This study is believed to be novel in the way it
combines instinctive behavior as a means of training
experiential learning. This is a plausible counterpart to the
way simple animals learn, and is therefore a useful
approach to simulating them. The way this works in the
foraging task is as follows: instincts guide the creature to
effectively explore its environment, producing a stream of
stimuli and responses which are then incorporated into
new neurons recording pathways in the environment.

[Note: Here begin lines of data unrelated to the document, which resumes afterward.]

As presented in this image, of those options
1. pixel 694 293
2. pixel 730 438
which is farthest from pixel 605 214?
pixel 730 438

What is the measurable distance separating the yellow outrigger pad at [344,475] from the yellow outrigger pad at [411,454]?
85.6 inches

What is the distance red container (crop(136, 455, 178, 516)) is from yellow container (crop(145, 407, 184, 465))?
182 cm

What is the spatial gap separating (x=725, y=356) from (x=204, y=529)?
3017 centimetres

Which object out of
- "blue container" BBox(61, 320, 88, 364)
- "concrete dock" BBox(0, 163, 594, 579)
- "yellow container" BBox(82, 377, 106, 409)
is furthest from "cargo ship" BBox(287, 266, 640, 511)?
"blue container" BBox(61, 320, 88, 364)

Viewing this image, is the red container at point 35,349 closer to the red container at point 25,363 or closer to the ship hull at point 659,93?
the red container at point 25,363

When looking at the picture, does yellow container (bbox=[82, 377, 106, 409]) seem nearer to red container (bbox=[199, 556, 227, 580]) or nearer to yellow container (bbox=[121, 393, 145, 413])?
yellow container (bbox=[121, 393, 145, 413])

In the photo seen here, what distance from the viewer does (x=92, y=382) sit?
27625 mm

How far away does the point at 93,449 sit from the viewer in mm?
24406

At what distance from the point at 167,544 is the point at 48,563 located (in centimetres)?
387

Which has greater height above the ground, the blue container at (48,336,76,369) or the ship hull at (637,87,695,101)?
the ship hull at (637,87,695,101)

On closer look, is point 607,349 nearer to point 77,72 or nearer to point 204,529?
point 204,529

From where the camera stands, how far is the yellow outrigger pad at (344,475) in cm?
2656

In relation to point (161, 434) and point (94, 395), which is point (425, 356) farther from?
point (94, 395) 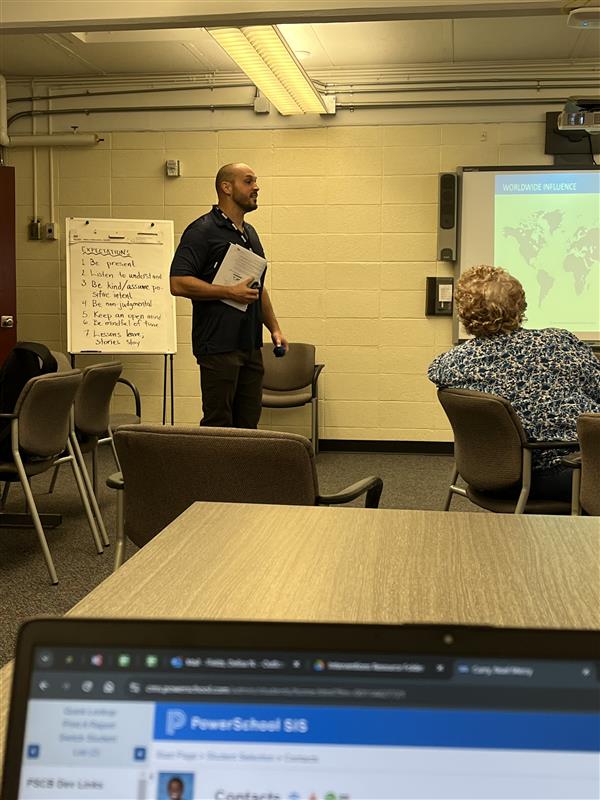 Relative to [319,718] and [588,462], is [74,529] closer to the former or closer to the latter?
[588,462]

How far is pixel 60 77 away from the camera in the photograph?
6.75 meters

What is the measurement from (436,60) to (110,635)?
643 cm

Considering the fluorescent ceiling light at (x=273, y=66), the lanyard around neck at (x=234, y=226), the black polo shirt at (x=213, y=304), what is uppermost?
the fluorescent ceiling light at (x=273, y=66)

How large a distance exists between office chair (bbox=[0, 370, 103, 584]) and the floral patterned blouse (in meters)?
1.48

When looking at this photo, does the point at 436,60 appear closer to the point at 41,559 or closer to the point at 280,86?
the point at 280,86

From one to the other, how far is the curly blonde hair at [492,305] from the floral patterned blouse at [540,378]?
51mm

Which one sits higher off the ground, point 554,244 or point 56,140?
point 56,140

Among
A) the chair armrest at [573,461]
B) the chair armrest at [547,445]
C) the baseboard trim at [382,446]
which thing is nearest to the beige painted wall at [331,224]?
the baseboard trim at [382,446]

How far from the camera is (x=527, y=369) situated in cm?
299

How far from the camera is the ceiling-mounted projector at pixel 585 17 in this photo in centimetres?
356

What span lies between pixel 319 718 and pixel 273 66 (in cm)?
543

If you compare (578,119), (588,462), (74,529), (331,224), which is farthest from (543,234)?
(588,462)

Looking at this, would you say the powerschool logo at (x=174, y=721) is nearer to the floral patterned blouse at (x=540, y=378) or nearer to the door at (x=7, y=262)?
the floral patterned blouse at (x=540, y=378)

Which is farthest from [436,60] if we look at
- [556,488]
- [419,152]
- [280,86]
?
[556,488] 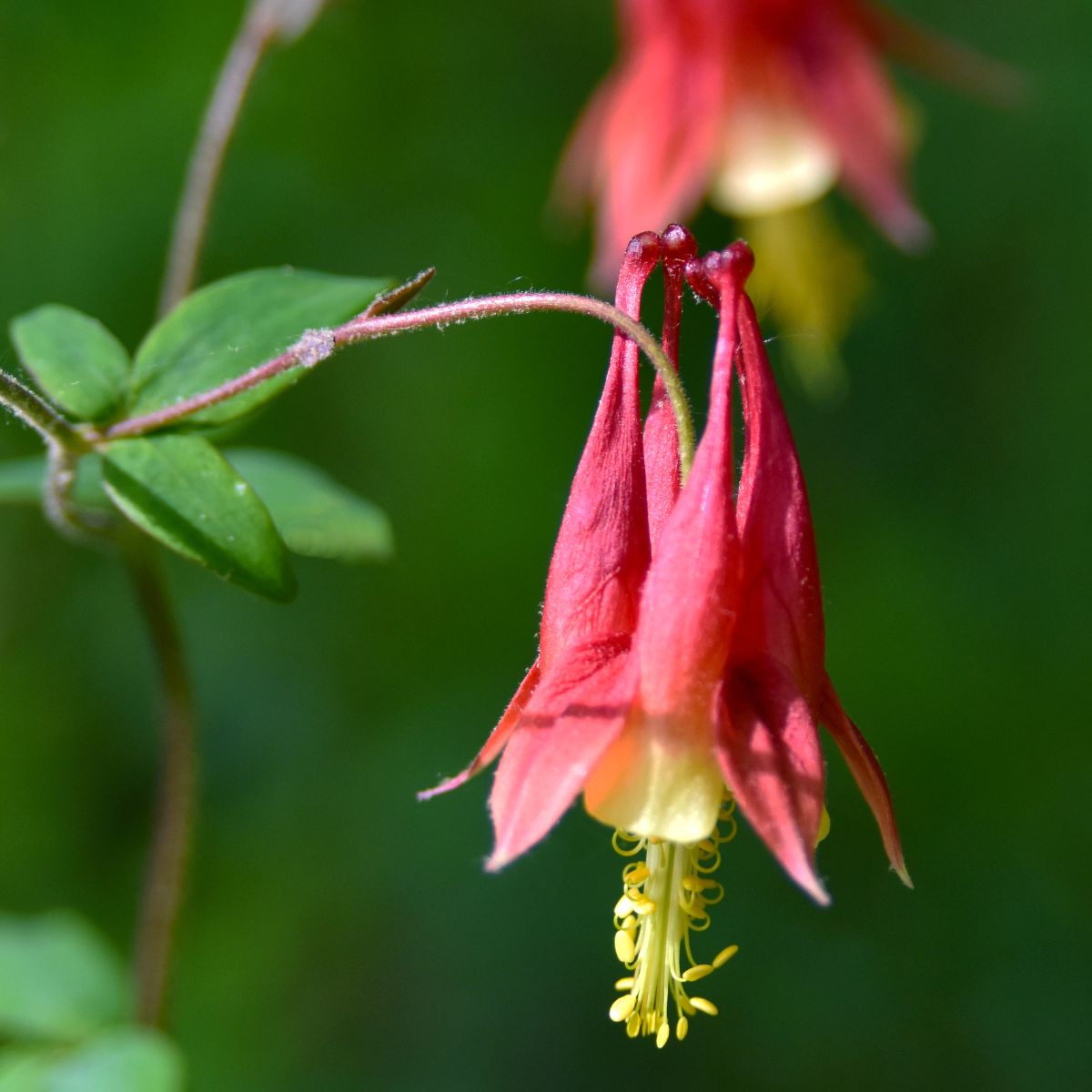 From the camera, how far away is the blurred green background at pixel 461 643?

These learned neurons are reinforced by consistent
repetition as well as by association with the acquisition of
food and water goals. Over trials the learned network
often overrides instincts to guide the creature directly
along paths to food and water.
The Mona goal-seeking neural network was used for
this task. Mona has been shown to be capable of
supporting instinct evolution to solve the Monkey and
Bananas Problem [7], as well as effectively learning
mazes requiring the retention of context information over
time [6].
Q-Learning [9], a well-known reinforcement learning
technique that is amenable to stimulus-response search
space tasks, was used as a comparison to the neural
1.1. A brief overview of Mona
Mona is based on the rationale that brains are goal-
seeking entities. It has a simple interface with the
environment: all knowledge of the state of the
environment is absorbed through senses. Responses are
expressed to the environment with the goal of eliciting
sensory inputs which are internally associated with the
reduction of needs.
Events can be drawn from sensors, responses, or the
states of internal neurons, calling for three types of
neurons. Neurons attuned to sensors are receptors, those
associated with responses are motors, and those mediating
other neurons are mediators. Mediators can be structured
in hierarchies representing environmental contexts. A
mediator neuron controls the transmission of need
through and the enablement of its component neurons.
To elucidate by example, consider this somewhat
whimsical task: let Mona be a mouse that has been out
foraging in a house and now wishes to return back to her
mouse-hole in a certain room. For the sake of keeping
peace with her fellow mice, she must not make the
mistake of going into a hole in another room. Figure 1
shows her neural network at this juncture.
Figure 1. Initial mouse network
The triangle-shaped object at the bottom is the receptor
neuron that fires once she has reached her hole; the
inverted triangles are motor neurons that accomplish the
responses of going to the correct room (Go Room), and
going into the hole (Go Hole). The ellipses are mediator
neurons. Each is linked up to a cause and effect event
neuron. The “Hole Ready” mediator is not enabled,
reflecting the importance of not going into a hole in the
wrong room. The “Room Ready” mediator is enabled,
signifying an expectation that if its cause event fires, its
effect will also fire.
The “Home!” receptor neuron has a high goal value,
indicating that it is associated with a need. Because of
this, motive influence propagates into the network,
flowing into motor neurons whose firings will navigate to
the goal. Since the “Hole Ready” neuron is not enabled,
the motive bypasses the “Go Hole” motor neuron in
search of a mediator whose firing will enable “Go Hole”.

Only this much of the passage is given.